入社すぐに訪れたチャンス、
基幹システム統合プロジェクト
グループIT部近藤 裕貴
入社すぐに訪れたチャンス、
基幹システム統合プロジェクト
グループIT部
近藤 裕貴
「プロジェクトチームの中心として、期待しているよ。」
上司から責任のある大役を任された。それは、喜びよりも驚きでしかなかった。
グループIT部で社内SE(システムエンジニア)として勤務する近藤裕貴は、2021年に中途入社した。業務は主に、基幹システムの生産領域および工場での製造に関連する周辺システムを担当している。近藤は学生時分よりシステムやプログラミングに関心があり、その技術を活かせたらという思いがおぼろげにあった。大学は情報系の学科に進み、卒業後にはシステム開発会社に就職。前職では通信キャリア向けのシステム導入、保守や社内の最新技術を用いた新規ビジネスの創出などを担当した。

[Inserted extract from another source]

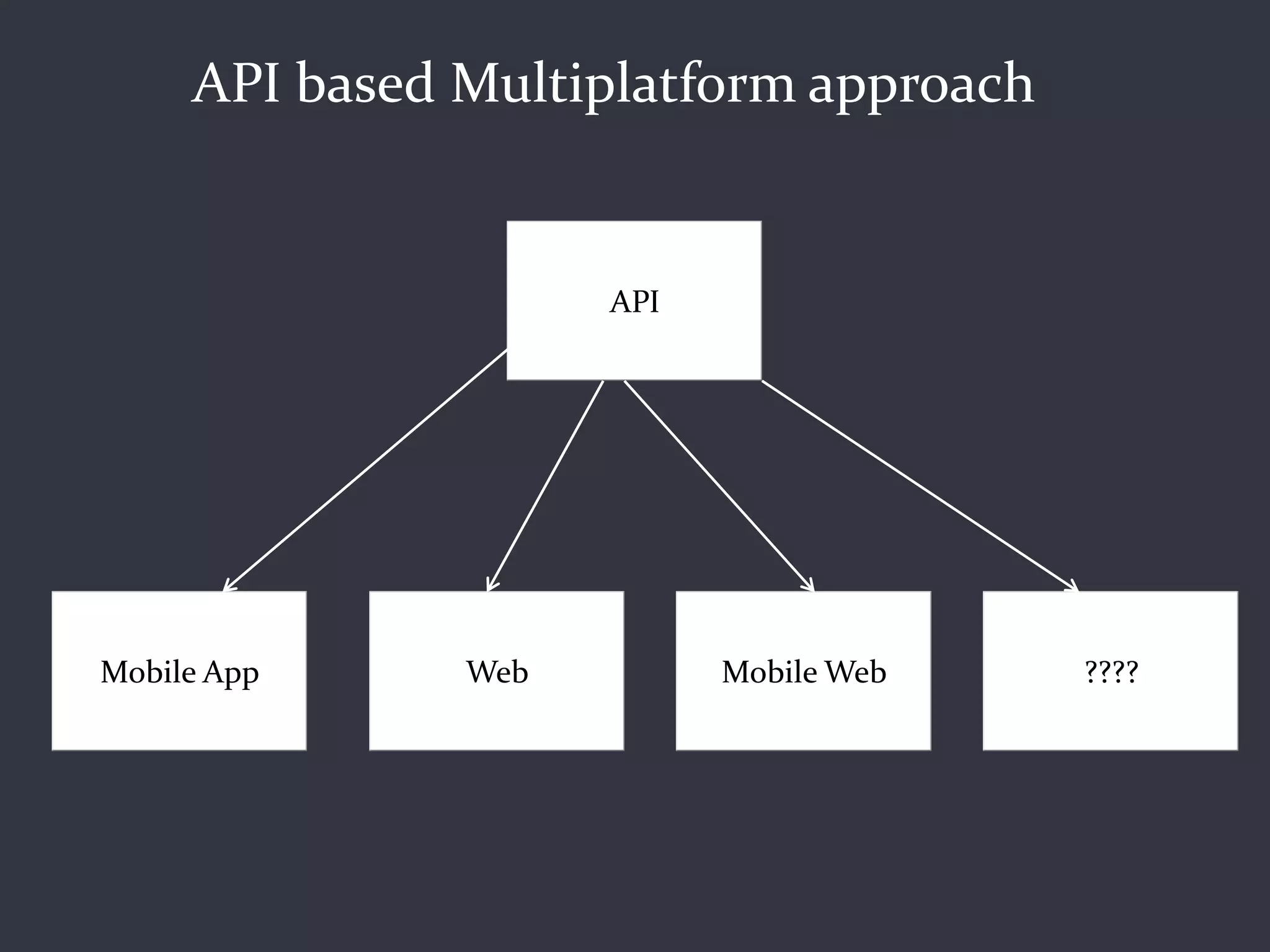 API based Multiplatform approach


                     API




Mobile App     Web         Mobile Web   ????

「ITベンダーに5年間勤め、転職して3年になりますが、社内SEは業務の幅が広いと思います。前職では特定のシステムだけを扱う業務でしたが、当社では本当にさまざまなことに携わる。できることが増えると同時に対応速度も上がり、成長を実感しています。」
近藤は、自社内の課題解決を実践する環境で働きたいという思いから社内SEとして当社を選んだ。利用者に最も近いところで、要望や課題に耳を傾けながらシステムを構築する。その成果や評価が、利用者から直接フィードバックされるといった立ち位置での仕事がしたかった。

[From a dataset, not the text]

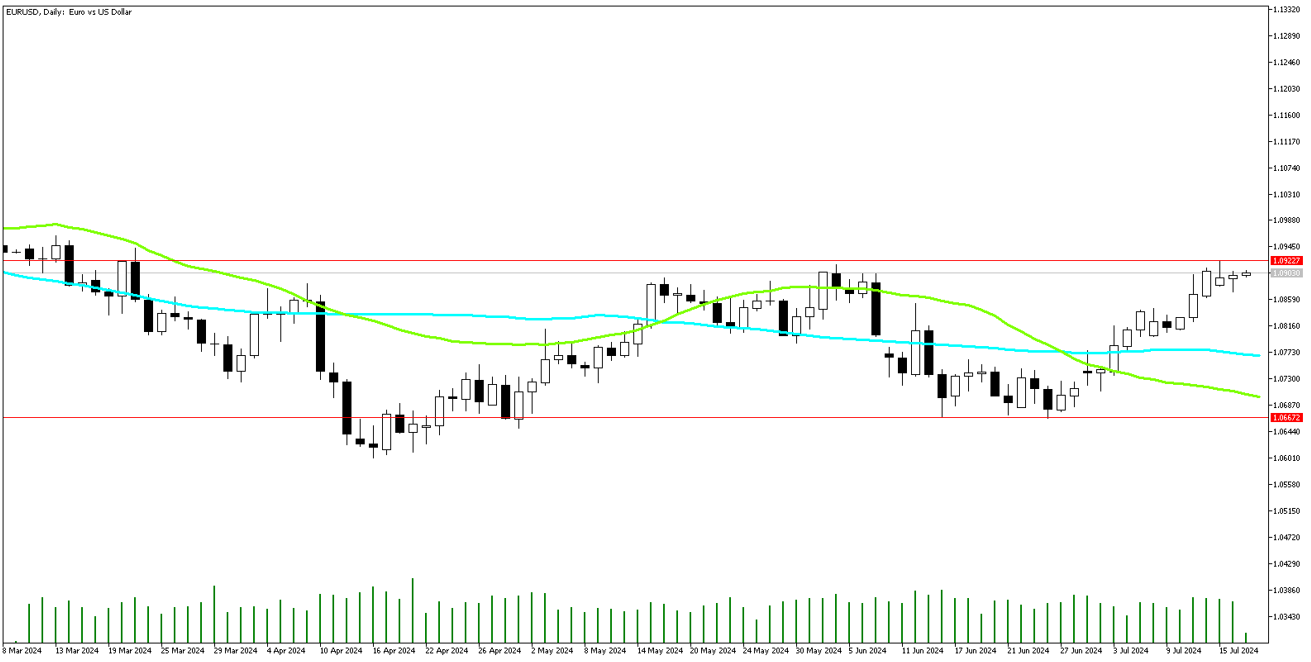 18 Temmuz 2024 Forex Analizi: EURUSD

「社内SEの醍醐味だと思います。前職の通信キャリア業界と製薬業界では完全な異業種で、システムの特徴が全くちがいます。これまでのノウハウは一部、活かすことはできても、すぐに対応はできません。一から勉強すべき点は際限なく、入社1年目は苦しみました。」

その1年目に、近藤はあるプロジェクトの先導役に抜擢された。福井県あわら市にあるグループ会社「トラストファーマテック」で使用する基幹システムを、サワイグループのシステムに統合するという事業計画だ。医薬品の供給不足が叫ばれる昨今、当社はグループ全体の目標として2030年までに生産能力を年間250億錠以上にすることを掲げている。その取り組みの一環に、福井県の旧製薬会社を譲り受け、グループ全体の薬の生産量を高めた。
「企業同士のシステム統合のような大きなプロジェクトは、これまで未経験でした。基幹システムは、会計や購買、製造、販売管理などに領域が分かれ、入社後に私が担当したのは製造だった。しかし、企業統合という大プロジェクトになるとすべての領域が対象になる。システムの詳細は、入社してまもない私にはわかりませんでした。だからといって、ほかの領域の担当者も巻き込まなければなりません。顔を合わせたこともない人たちの中で、プロジェクトを推進する。厳しい仕事でした。」
生産系システムの統合と一口に言っても、異なるシステムで稼働していた工場を加えるのは容易ではない。プロジェクトの取り組みとして、まずトラストファーマテック用の新しい基幹システムをサーバ内にまるごと構築し、当社のものと連携させた。その上で、工場側の管理システムの改修やインターフェースの整備を行い、工場と基幹システムを接続してグループの生産システムに迎え入れた。
難易度の高い仕事に四苦八苦する近藤に手を差しのべてくれたのが、上司でありプロジェクトのメンバーだった。そうした仲間の支えも手伝い、手さぐりながらプロジェクトを遂行する。その結果、2021、2022年の薬の生産能力が年間155億錠だったものが、プロジェクトを終了した2023年には30億錠増の185億錠にまで及び、めざましい成果を上げた。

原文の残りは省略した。